**** DATA LISTING
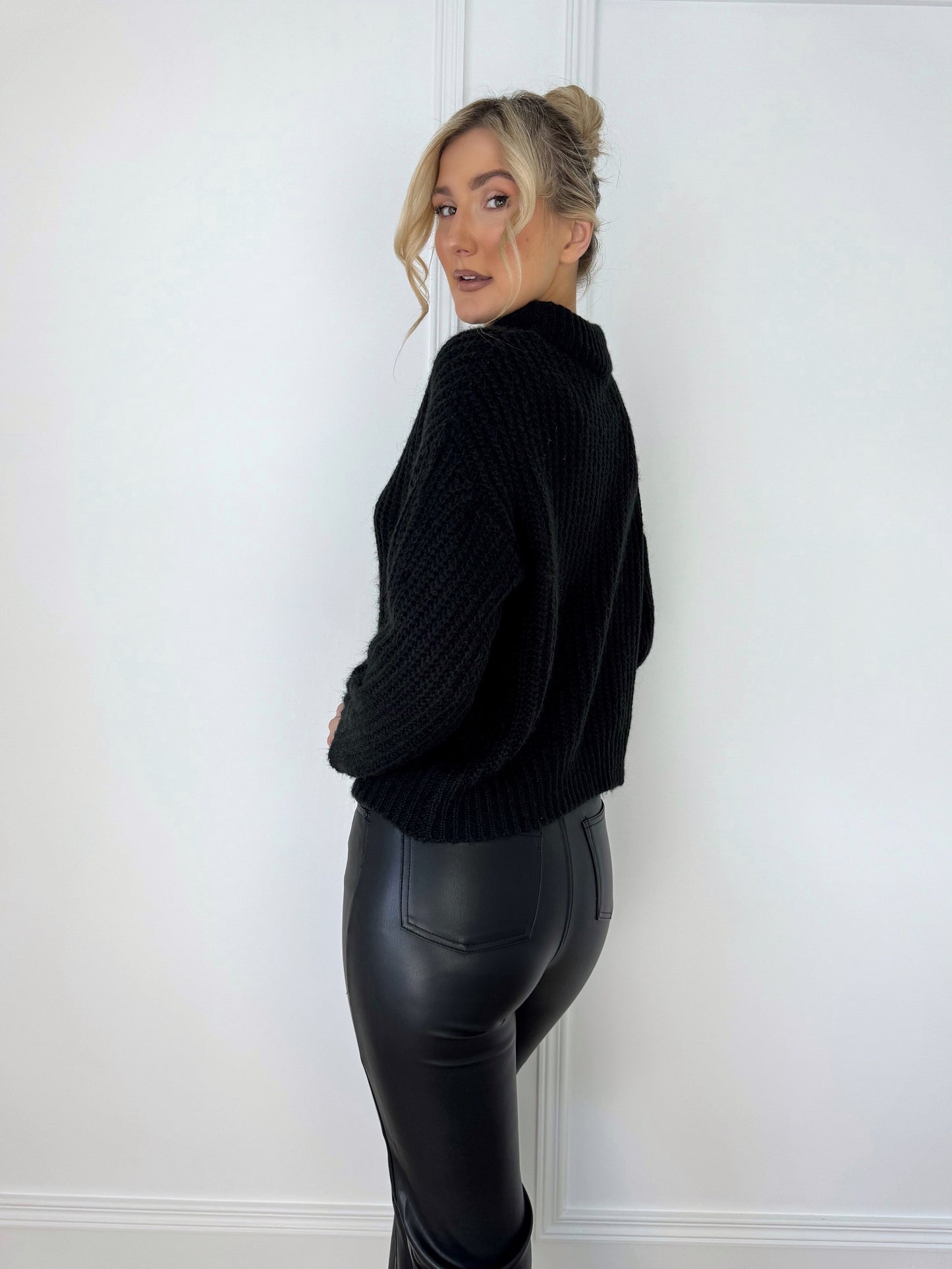 Round Neck Knit Jumper - Black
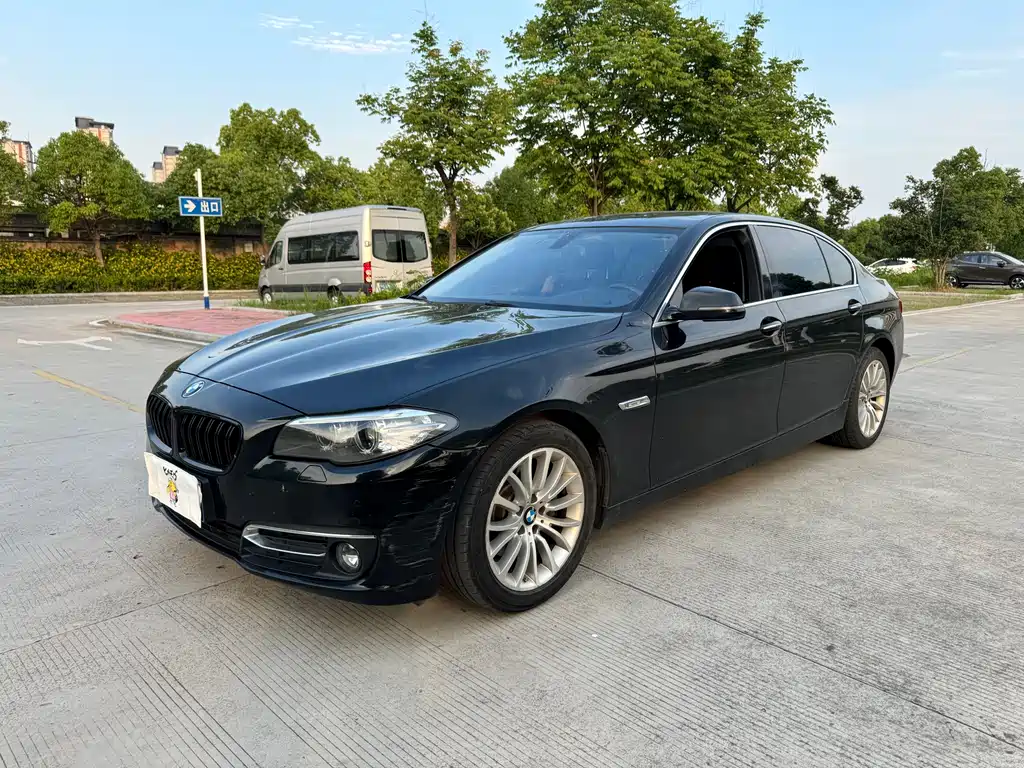 BMW 5 Series 2015 — фото 1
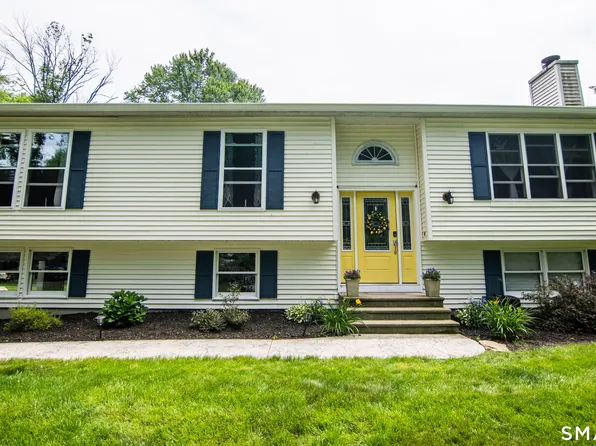 25 Woodward Road, Brooklyn, CT 06234
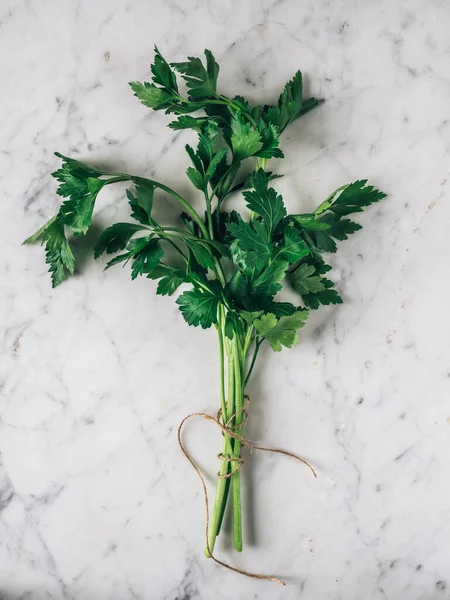 Een Oppere Uitzicht Opname Van Een Stelletje Peterselie Een Keukentafel — Stockfoto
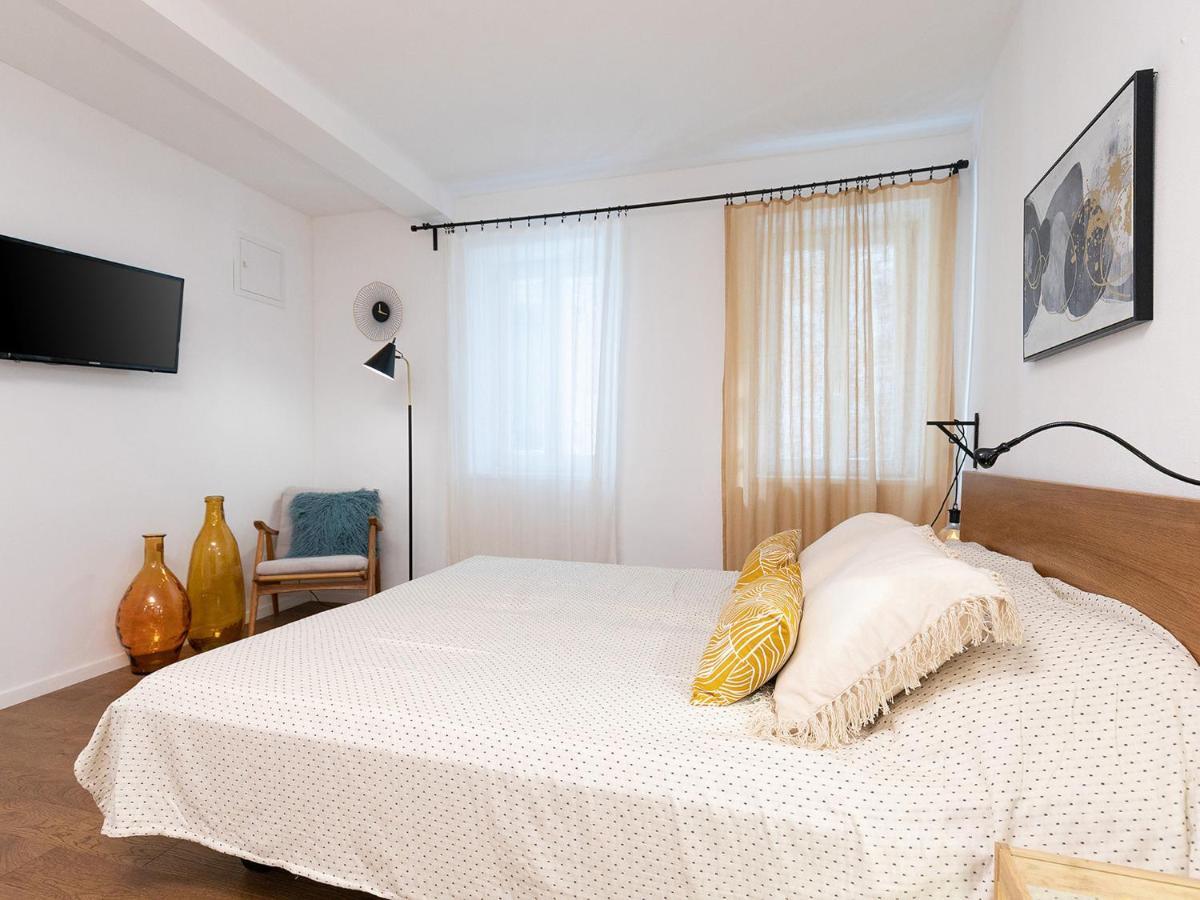 Stylish Studio Apartment By Irundo Ρόβινι Εξωτερικό φωτογραφία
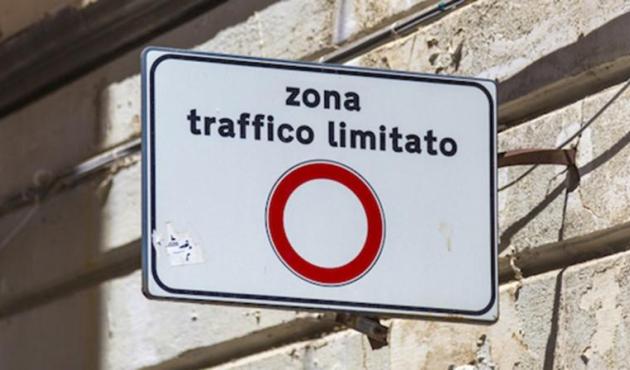 Piemonte: permesso regionale unico per le Ztl agli agenti di commercio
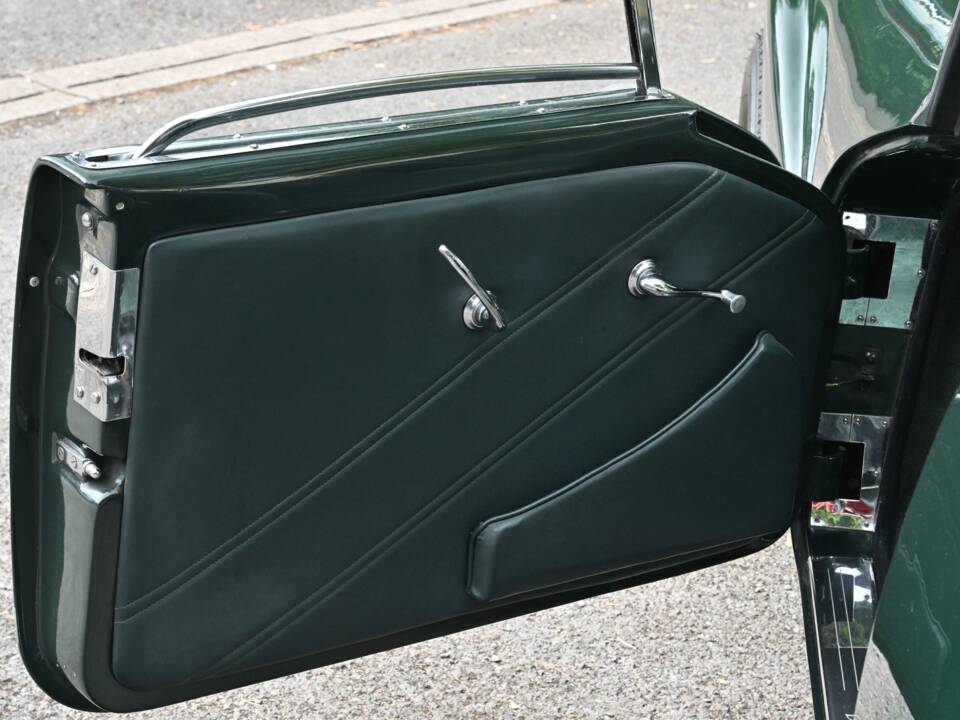 Afbeelding 45/50 van Daimler SP 250 (1963)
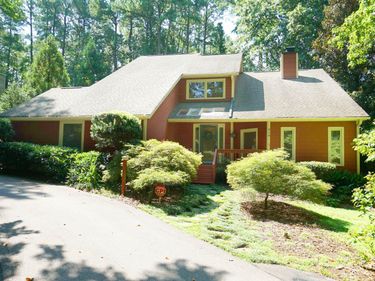 818 Lake Forest Drive, Raleigh, NC 27615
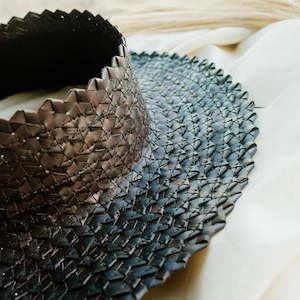 - WIDE BRIM CROWNLESS PALM LEAF HAT - BLACK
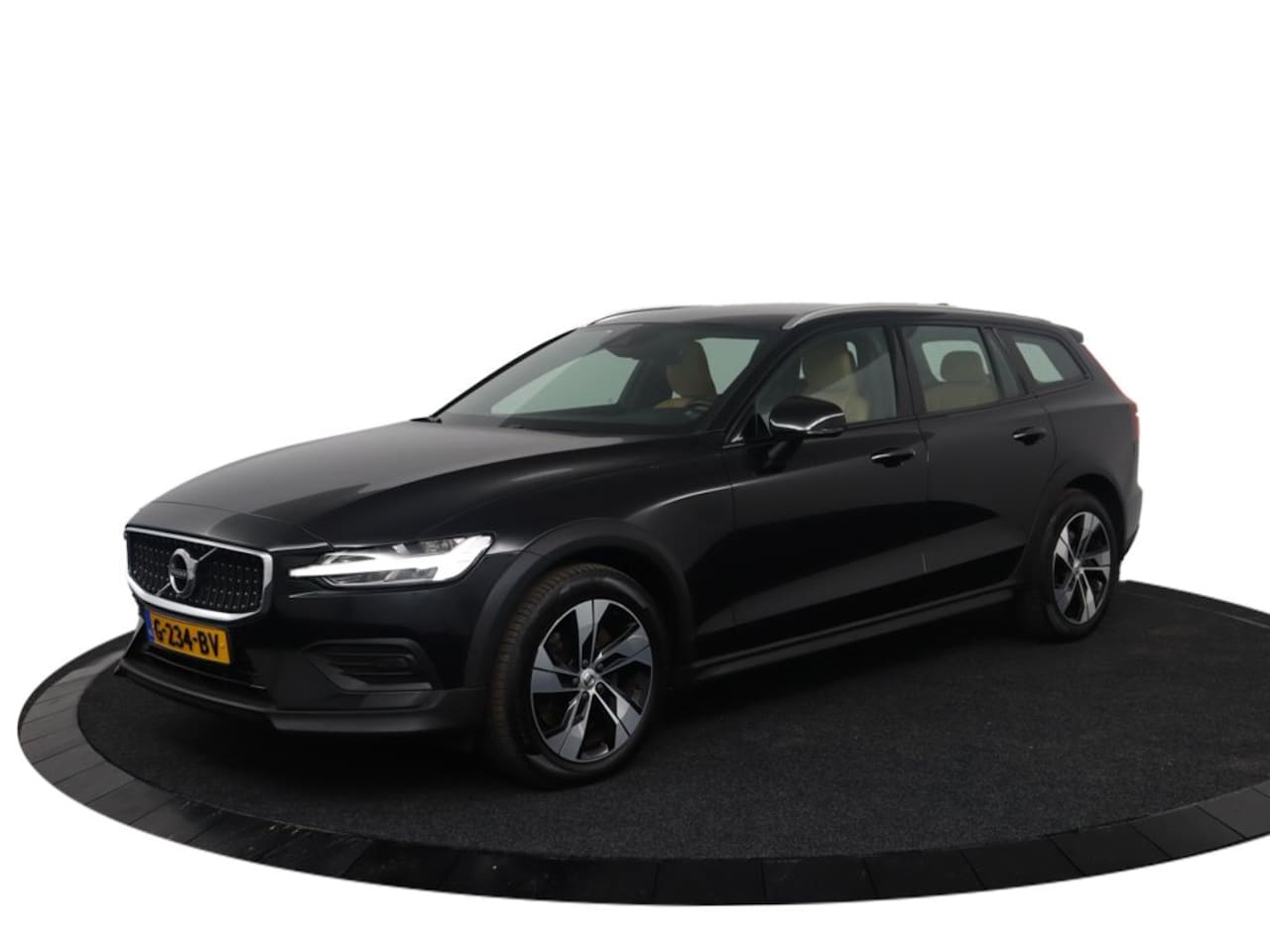 Volvo V60 Cross Country - T5 AWD Pro | Parkeercamera | Parkeersensoren V+A | Trekhaak |Stoelverwarming | DAB+ | - AutoWereld.nl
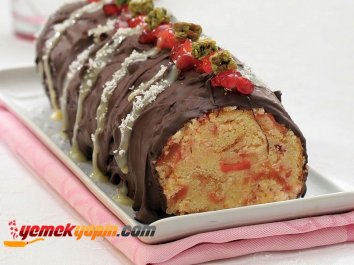 ÇİKOLATA SOSLU AYVALI VE HAVUÇLU PASTA
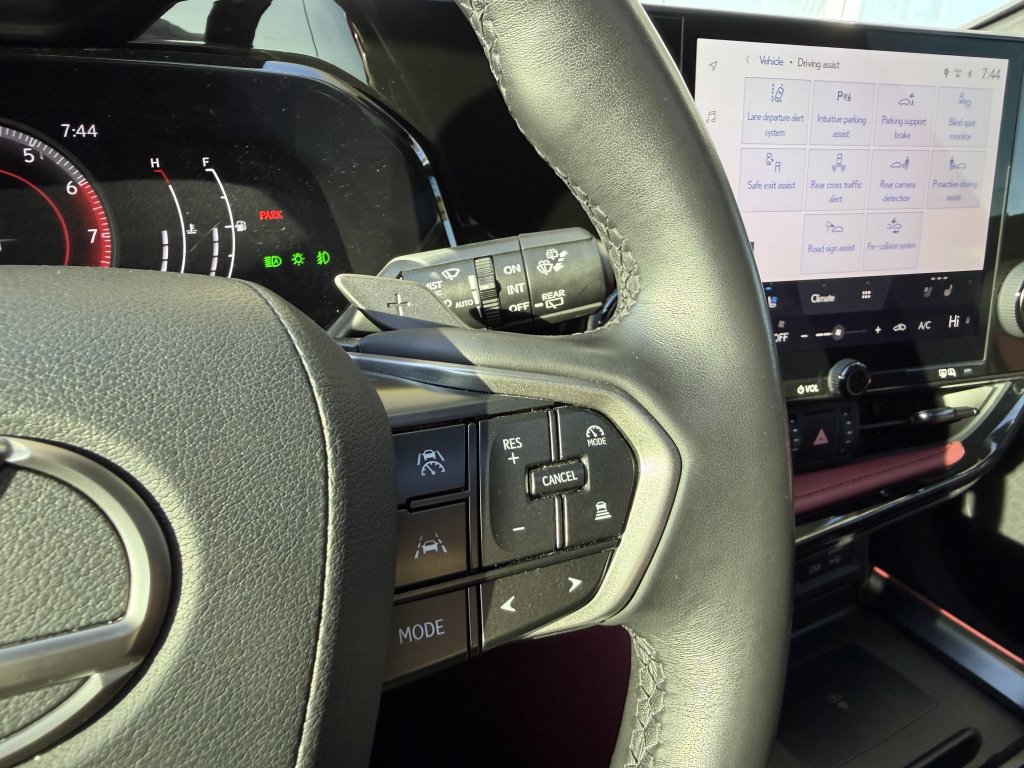 Used 2024 Lexus NX 350h AWD image 33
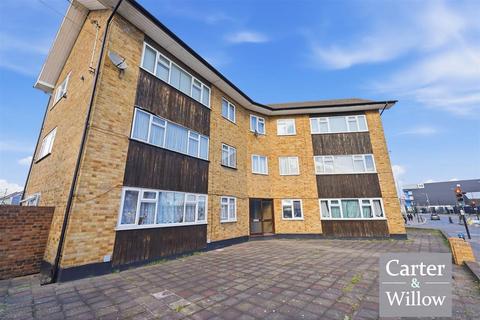 2 bedroom apartment for sale, Foxlands Court,, 545 Rainham Road South, Essex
********
## INSTRUCTIONS TO FOLLOW
Every line above should be transcribed word for word; leave the pictures out.

## RESULT OF THIS EXERCISE
 Round Neck Knit Jumper - Black
 BMW 5 Series 2015 — фото 1
 25 Woodward Road, Brooklyn, CT 06234
 Een Oppere Uitzicht Opname Van Een Stelletje Peterselie Een Keukentafel — Stockfoto
 Stylish Studio Apartment By Irundo Ρόβινι Εξωτερικό φωτογραφία
 Piemonte: permesso regionale unico per le Ztl agli agenti di commercio
 Afbeelding 45/50 van Daimler SP 250 (1963)
 818 Lake Forest Drive, Raleigh, NC 27615
 - WIDE BRIM CROWNLESS PALM LEAF HAT - BLACK
 Volvo V60 Cross Country - T5 AWD Pro | Parkeercamera | Parkeersensoren V+A | Trekhaak |Stoelverwarming | DAB+ | - AutoWereld.nl
 ÇİKOLATA SOSLU AYVALI VE HAVUÇLU PASTA
 Used 2024 Lexus NX 350h AWD image 33
 2 bedroom apartment for sale, Foxlands Court,, 545 Rainham Road South, Essex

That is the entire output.